Strong authentication is necessary. It is not always sufficient.
By Terry Burton, Director of Security, InkBridge Networks
What is AAA in information security?
Authentication, Authorisation, and Accounting (AAA) is the security framework that controls who gets onto your network, what they can do once they're there, and what gets logged while they are.
Authentication verifies identity. Is this person or device who they claim to be? It's the check at the door.
Authorisation determines access rights. Once authenticated, what is this user allowed to do? Which systems, files, and resources are within their scope?
Accounting creates the audit trail. What did they do, when, and for how long? This is the data that enables compliance reporting, anomaly detection, and post-incident forensics.
Together, these three functions form the backbone of network access control.
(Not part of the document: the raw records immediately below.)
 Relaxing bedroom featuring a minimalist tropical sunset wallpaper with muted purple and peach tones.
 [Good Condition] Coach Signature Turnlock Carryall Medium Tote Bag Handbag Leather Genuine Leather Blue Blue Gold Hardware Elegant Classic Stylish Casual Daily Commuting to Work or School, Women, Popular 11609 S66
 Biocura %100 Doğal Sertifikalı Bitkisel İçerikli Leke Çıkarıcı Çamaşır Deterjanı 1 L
For a deeper look at each component individually, see our articles on Authentication, Authorisation, and Accounting.
The most common protocol implementing AAA in enterprise networks is RADIUS (Remote Authentication Dial-In User Service). When a user connects to a corporate Wi-Fi network or VPN, RADIUS is almost certainly handling the authentication handshake in the background.
Most organisations running enterprise networks have some form of AAA in place. The problem is what they assume that means.
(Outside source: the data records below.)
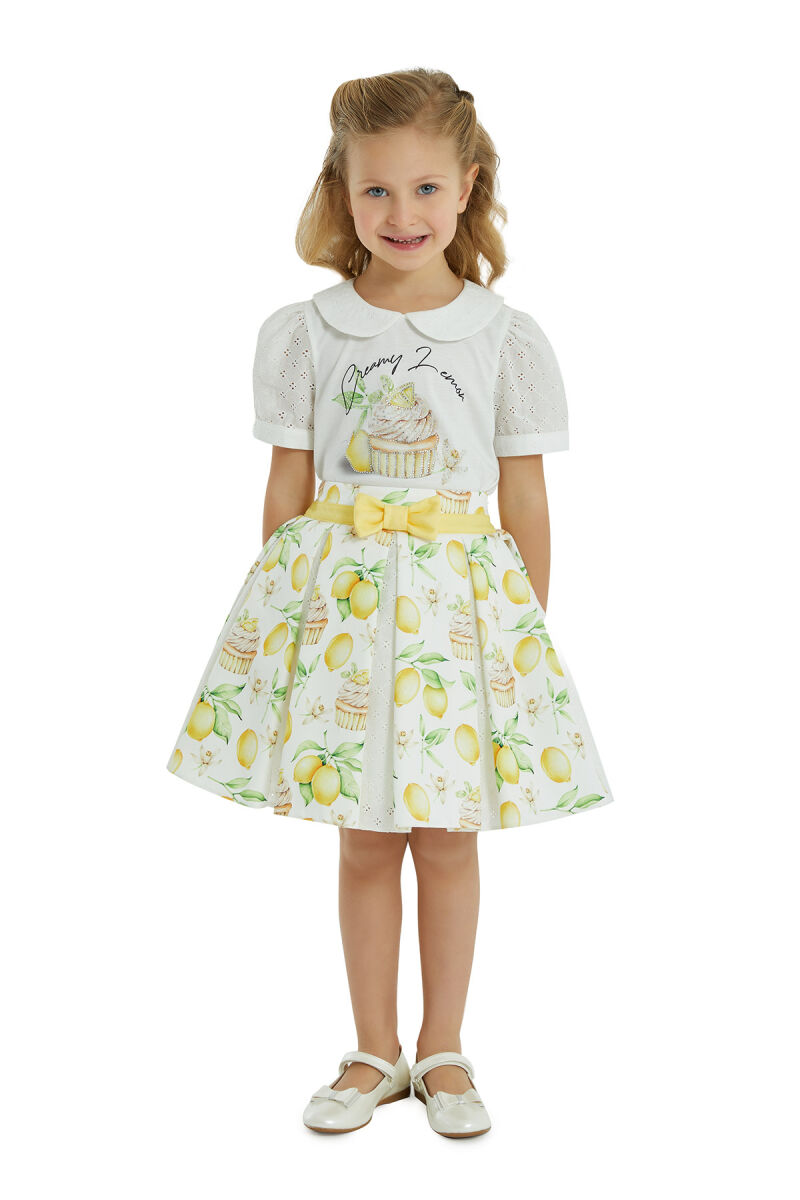 Yellow Girl T-shirt Skirt Suit 1-5 AGE 323602CA - 7
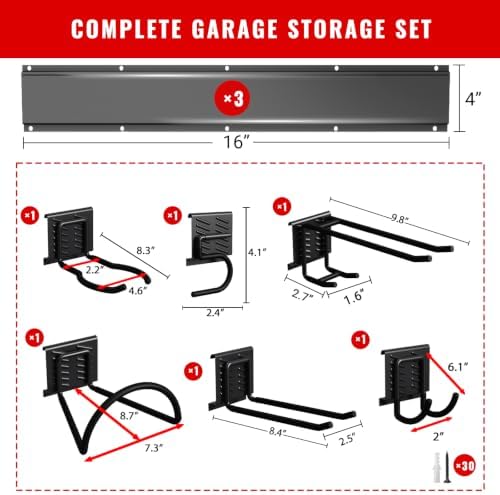 Garage Tool Organizer Wall Mount, Easy to 48inch Install Heavy-Duty Garage Storage System with 6 Adjustable Hooks, Garden Tool Rack for Shovels, Rakes, Yard Tools - Image 5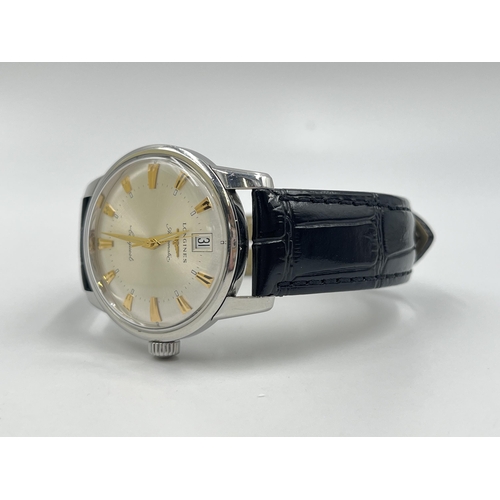 1276 - A boxed Longines Conquest Heritage 35mm automatic men's wristwatch with Longines leather strap and b... 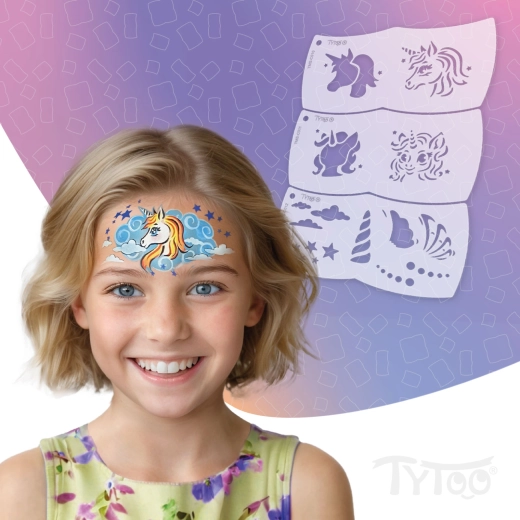 TyToo Mosaic pochoirs de maquillage pour le visage licorne et étoile – 3 pièces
The front door and the back doors
In my experience, when organisations suffer breaches, it is rarely because their primary AAA stack was broken. It is usually because something adjacent was weak.
My way of putting it: attackers do not go after the control you are proud of. They go after the seams between systems - the gaffer tape and string holding everything together that no one is particularly proud of.
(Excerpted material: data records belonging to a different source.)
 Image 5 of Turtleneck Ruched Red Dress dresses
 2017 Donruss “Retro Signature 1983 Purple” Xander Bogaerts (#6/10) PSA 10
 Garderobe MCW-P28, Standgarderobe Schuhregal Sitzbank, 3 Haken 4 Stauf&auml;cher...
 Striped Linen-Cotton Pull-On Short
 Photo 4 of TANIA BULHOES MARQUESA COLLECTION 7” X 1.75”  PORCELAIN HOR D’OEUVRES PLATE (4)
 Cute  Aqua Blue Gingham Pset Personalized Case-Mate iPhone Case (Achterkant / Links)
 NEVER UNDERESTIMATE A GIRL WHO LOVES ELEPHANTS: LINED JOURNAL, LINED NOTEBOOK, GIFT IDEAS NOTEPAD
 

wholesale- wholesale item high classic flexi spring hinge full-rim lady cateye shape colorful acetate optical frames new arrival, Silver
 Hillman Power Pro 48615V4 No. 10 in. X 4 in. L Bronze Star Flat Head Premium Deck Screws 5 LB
Consider a common enterprise setup. General staff authenticate via a well-configured RADIUS system with multi-factor authentication (MFA) and solid policies. But vendors -the HVAC contractor, the fire alarm maintenance firm, the software supplier doing their annual update - may have their own access methods that operate entirely outside that system. Vendor tooling is often a contractual requirement, and access is set up once and rarely reviewed.
This wouldn't be a problem if those vendor access pathways led only to isolated network segments. Often, they don't. Very often, enterprises run a flat network in which all these access points - staff, vendor, IoT, and infrastructure - coexist without meaningful separation. If an attacker compromises a vendor with careless password hygiene, lateral movement from the HVAC segment to the ERP database may be trivially easy.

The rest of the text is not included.